Crescono immigrati. La Basilicata non è più terra di passaggio
Spesso ci ritroviamo a parlare di lucani, soprattutto giovani, che emigrano a causa delle difficili condizioni socio-economiche, ma è importante considerare anche il fenomeno inverso. A tutto il 2010 gli stranieri residenti in Basilicata erano 14.738 secondo l’Istat anche se dal rapporto Caritas\Migrantes, presentato ieri a Potenza nella sua 21esima edizione presso il parco del seminario maggiore, l’esatta cifra si aggirerebbe intorno alle 16mila persone, numeri questi che vanno a colmare il progressivo spopolamento della regione.

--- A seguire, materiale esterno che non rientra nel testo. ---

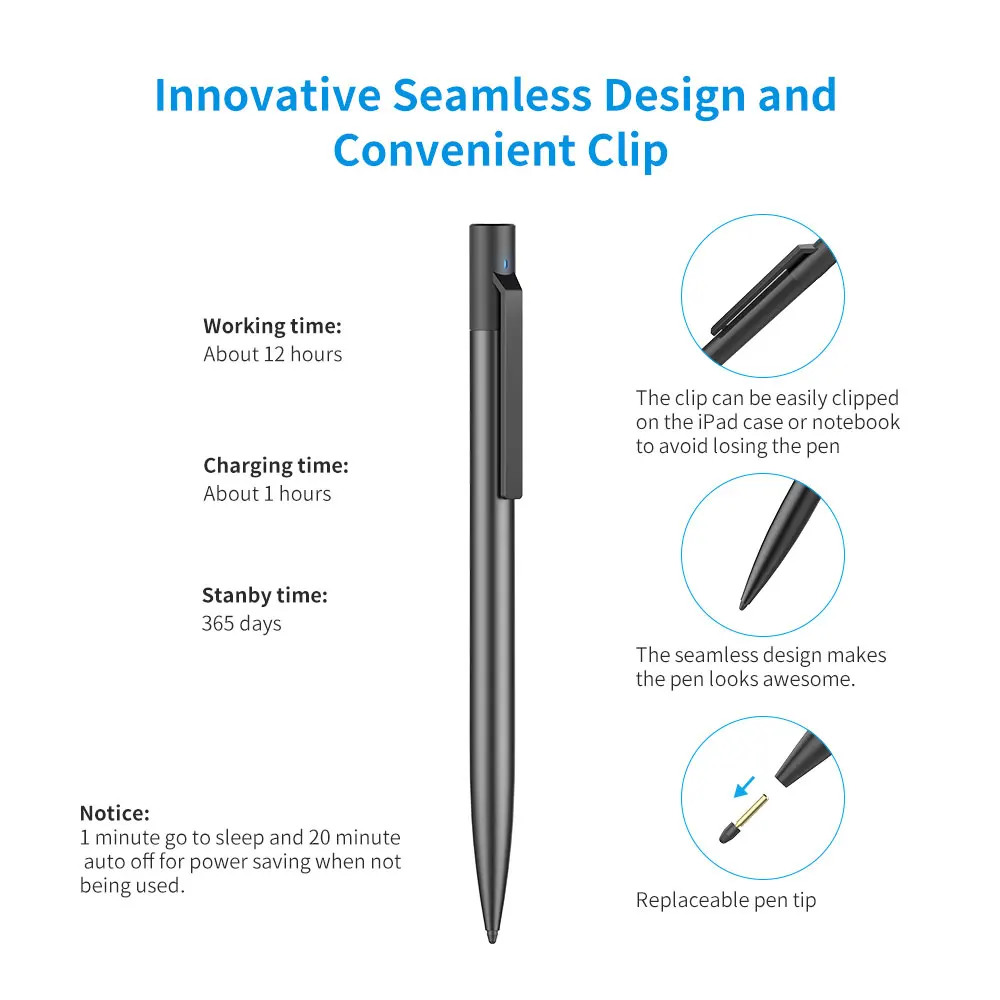 Stylus Pen for  Pad Pencil Touch Pencil with Palm Rejection for Precise Writing & Drawing - Compatible with xPad Pro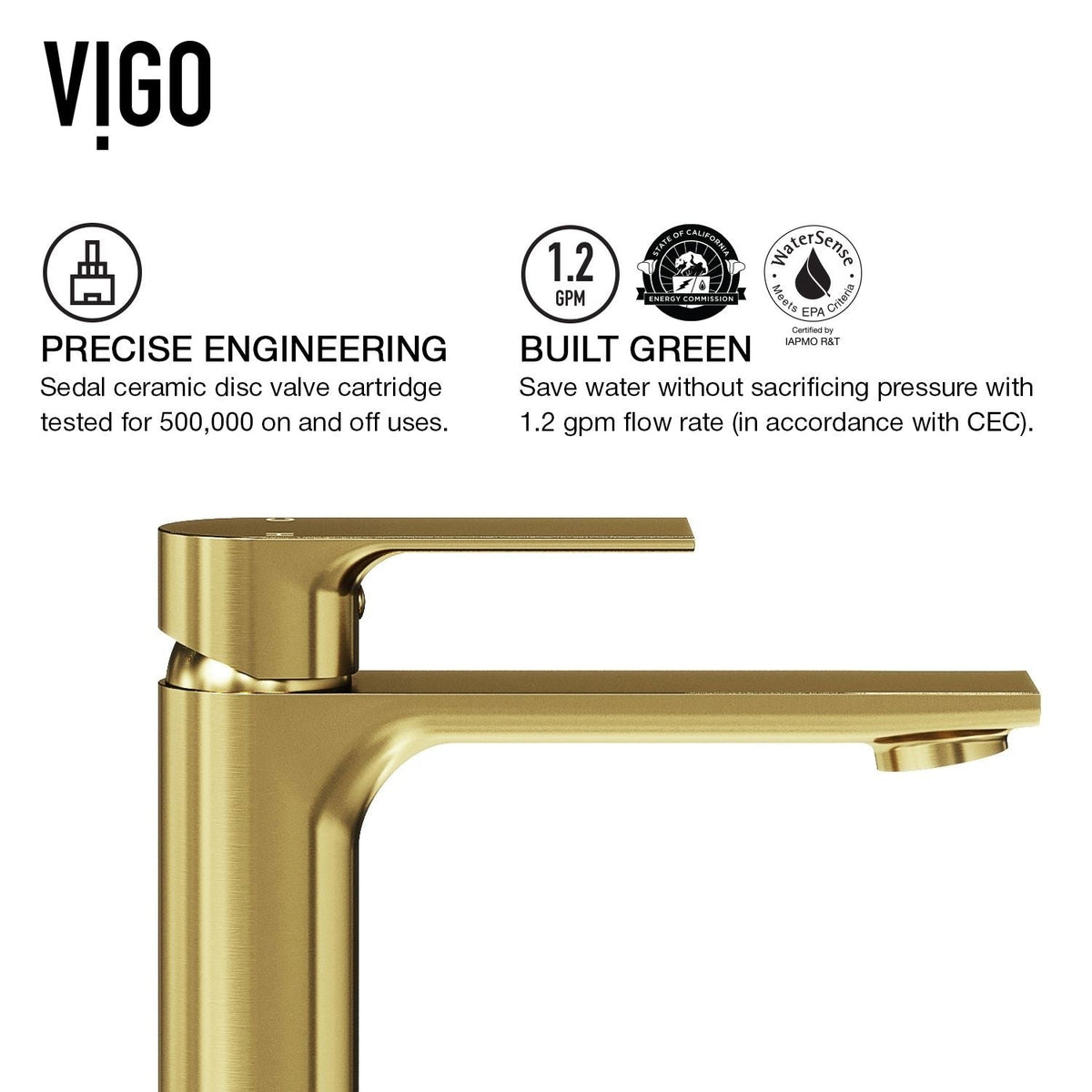 Davidson Single Handle Single Hole Bathroom Sink Faucet, WaterSense Certified, Matte Gold C2O2 - product image 7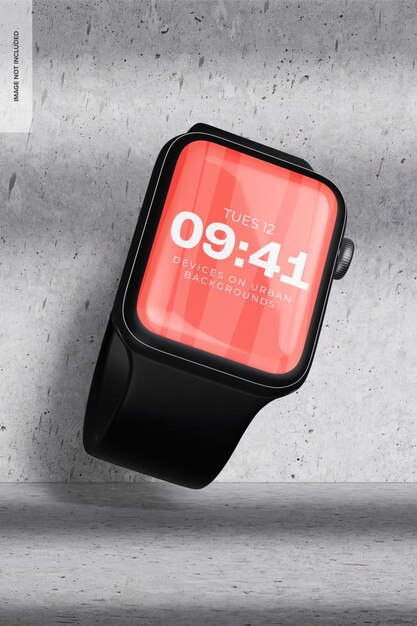 PSD smartwatch en maqueta de fondo urbano, flotante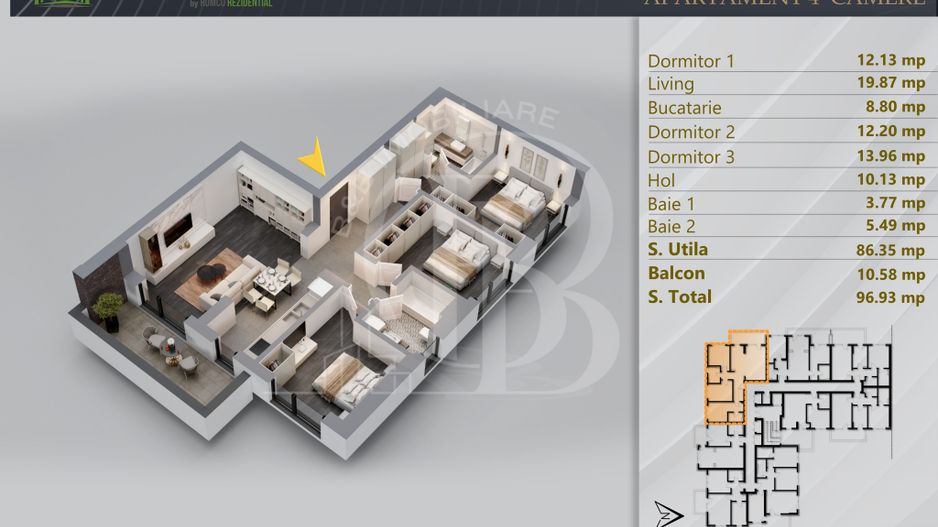 Apartament 4 camere Proiect Premium Independent Energetic - Schiță 12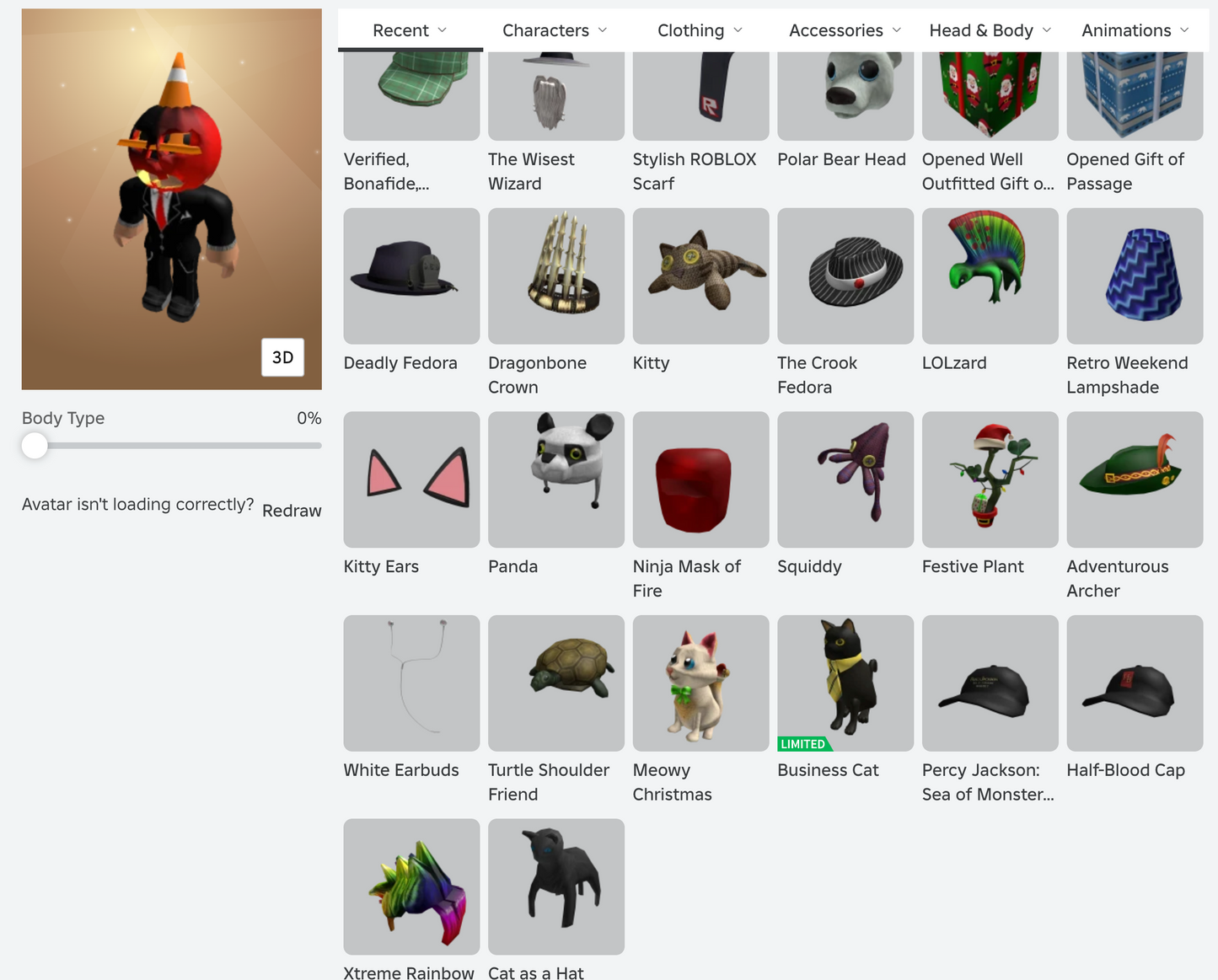 ROBLOX 2010 Account | 76+ Offsales/Limiteds  Classic Pumpkin + Cool Thing Head + More! | 5,500+ Robux SPENT | Rare Items | Stacked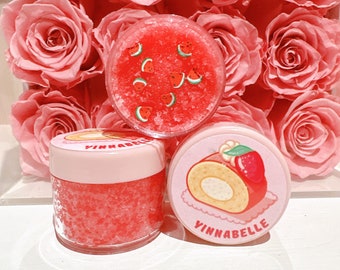 Watermelon fruit cake lip scrub, sugar lip scrub, vegan lip scrub
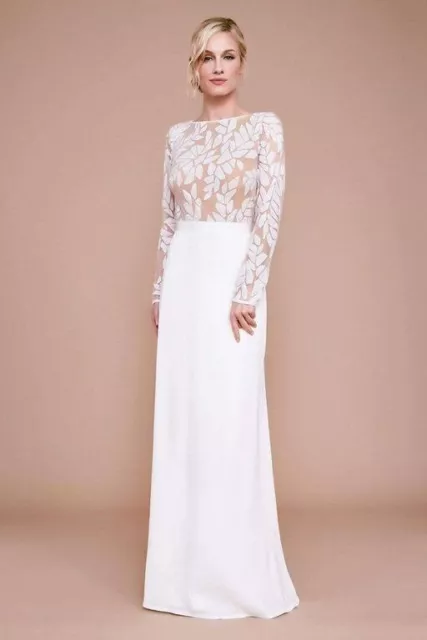 Tadashi Shoji Reeser Long-Sleeve Sequin Crepe Elegant Wedding Gown NWT $578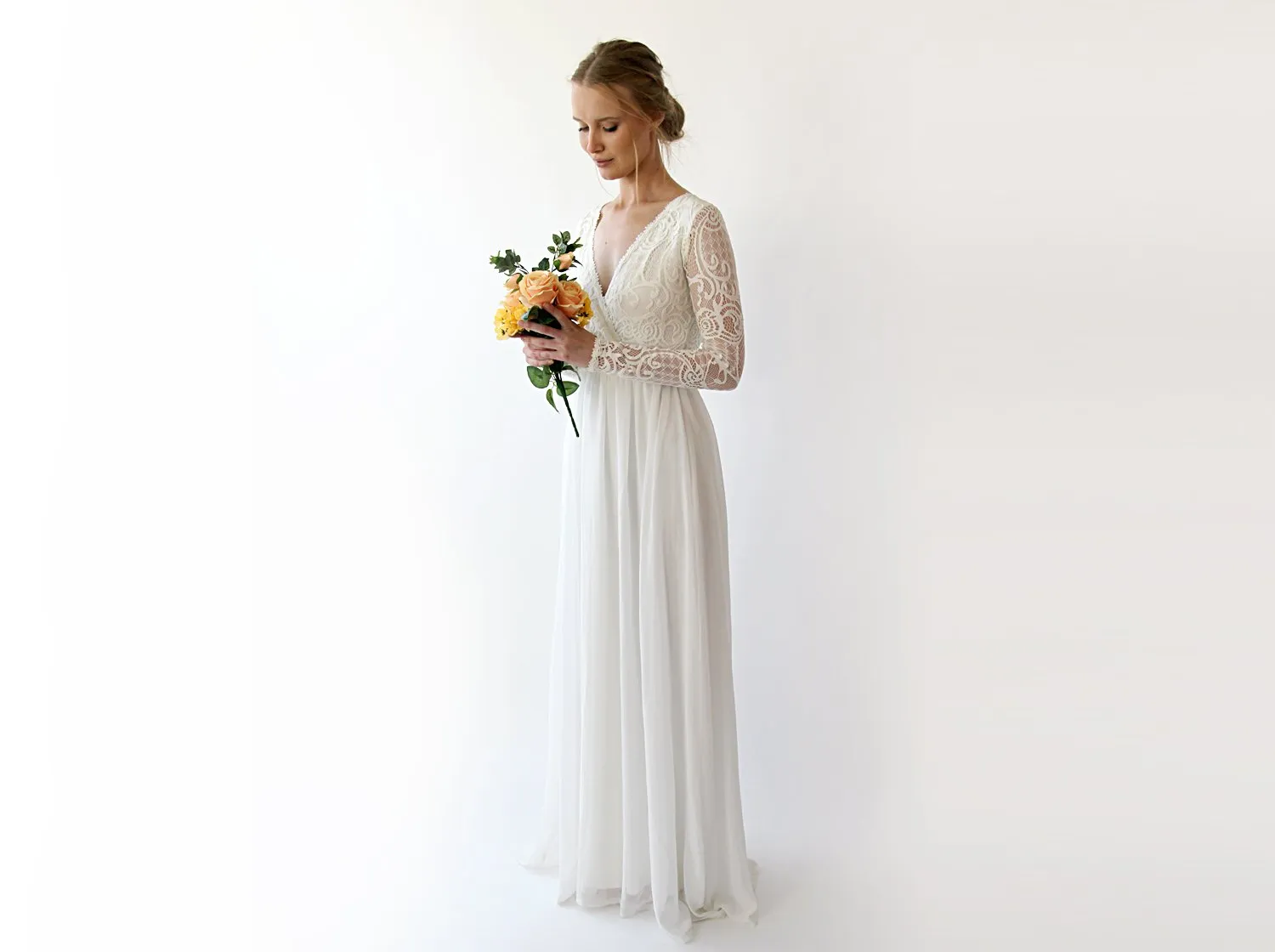 Wrap bohemian lace wedding dress #1242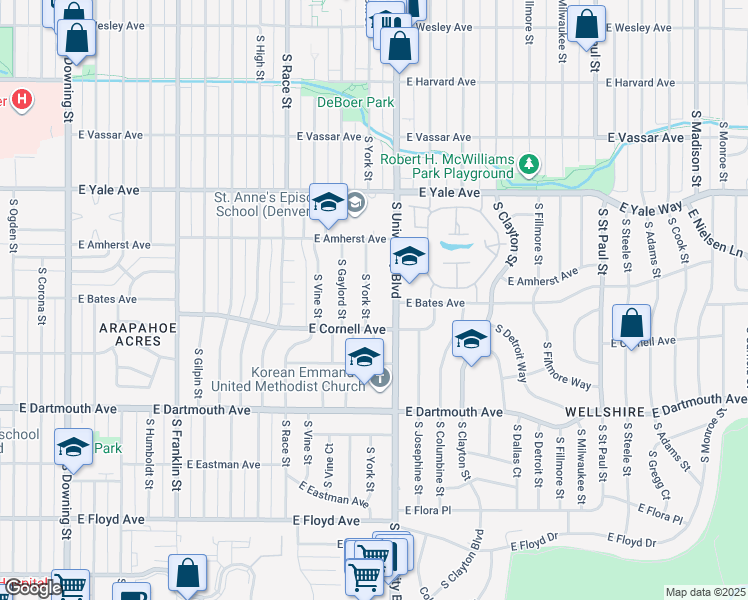 map of restaurants, bars, coffee shops, grocery stores, and more near 2885 South York Street in Denver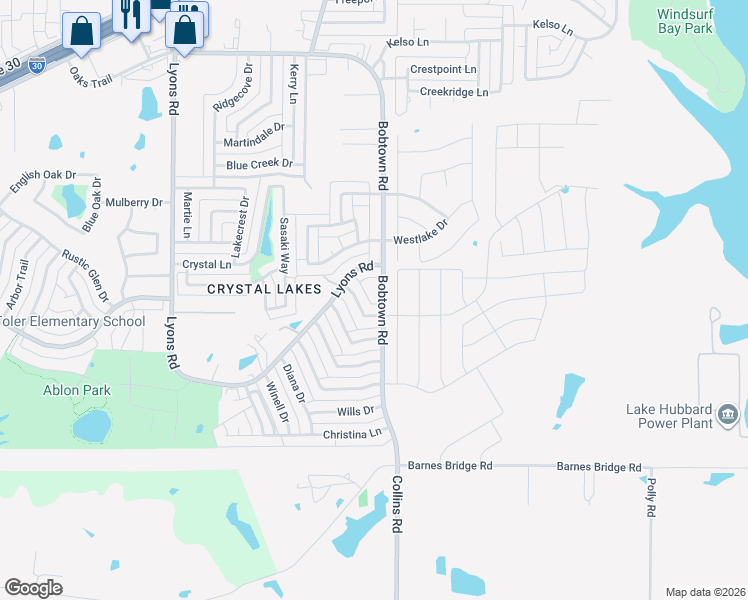 map of restaurants, bars, coffee shops, grocery stores, and more near 5422 Bobtown Road in Garland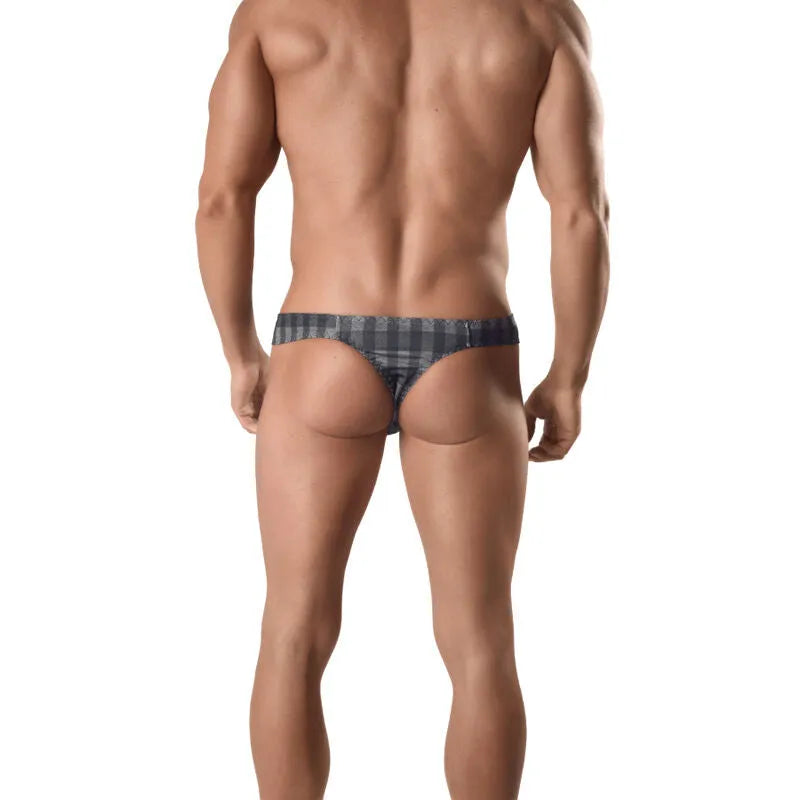 String homme à carreaux gris, ajustement parfait, matériau confortable, Anais Apparel, lingerie élégante et séduisante.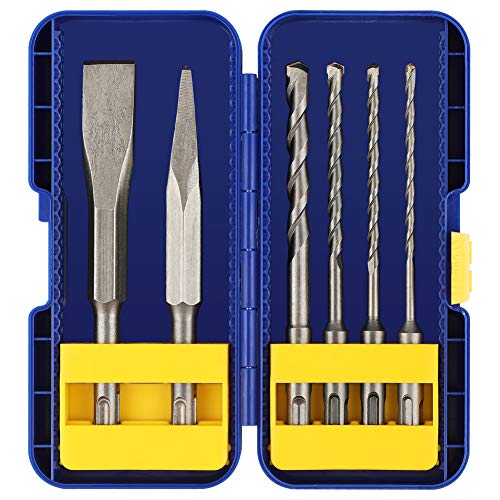 COMOWARE SDS Plus Masonry Drill Bits Set & Chisel, 6 Piece, Carbide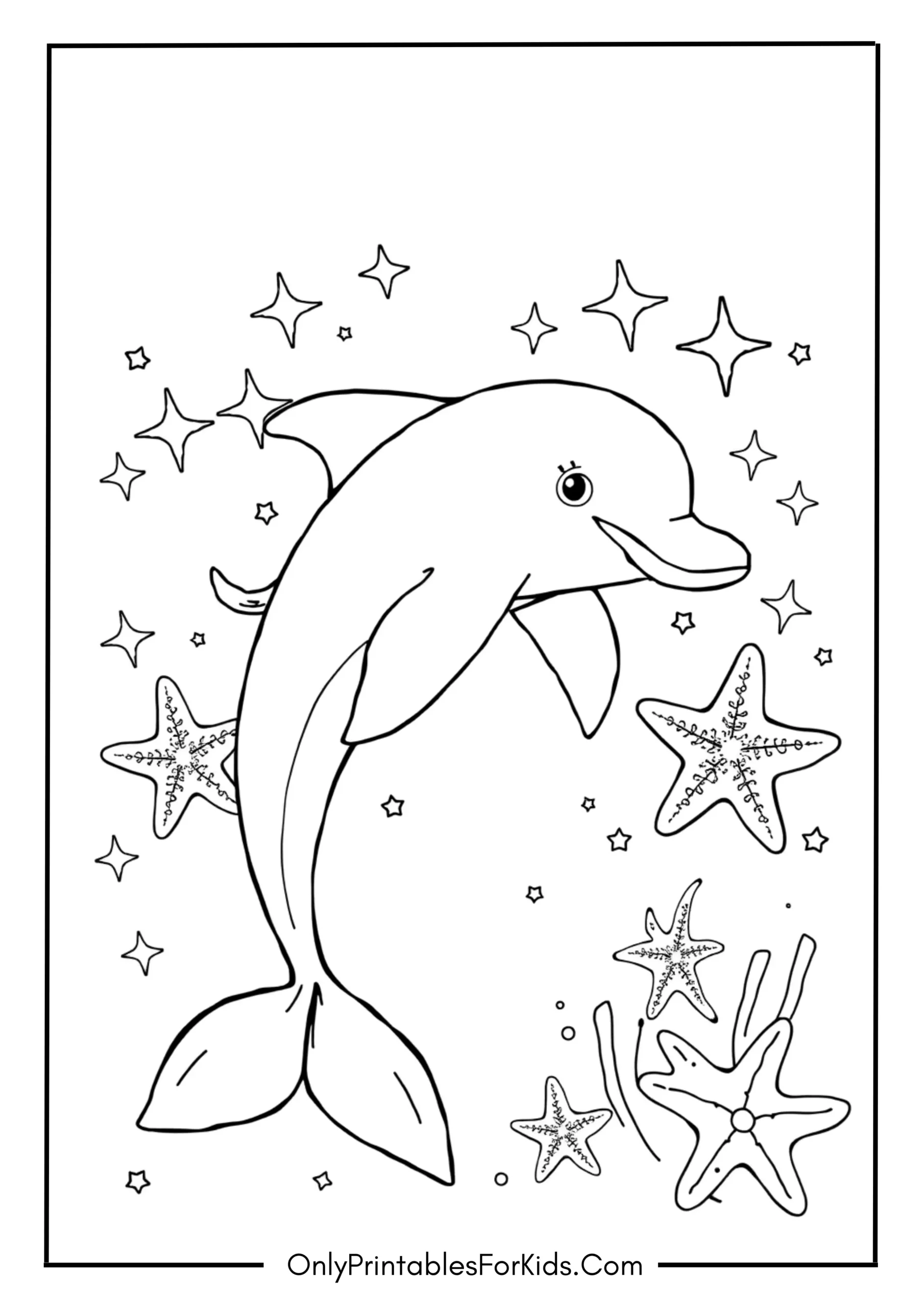 Mermaid Dolphin Surrounded by Glittering Starfish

In pratica gli immigrati rappresentano il 2,5% della popolazione lucana a testimonianza del fatto che la nostra non è più solo terra di passaggio per i migranti, ma punto di arrivo e di concreta speranza per un futuro migliore. La percentuale degli stranieri residenti in Basilicata non sembra altissima rispetto alla media nazionale del 7,5%. Va considerata però la particolare situazione economica del Paese ed è ovvio che la maggior parte degli immigrati di sposti verso il nord d’Italia, quindi quel 2,5% è un dato sicuramente significativo visto anche l’incremento del 13,4% nell’ultimo anno. Per quanto concerne il dato nazionale, le percentuali non si discostano molto da quelle dell’anno precedente, non perché non siano arrivati nuovi stranieri in Italia (circa 500mila nuovi arrivi) ma perché le presenze totali sono state bilanciate da chi ha lasciato il nostro paese o più semplicemente dai permessi di soggiorno scaduti e non ancora rinnovati o passati a stato di irregolarità.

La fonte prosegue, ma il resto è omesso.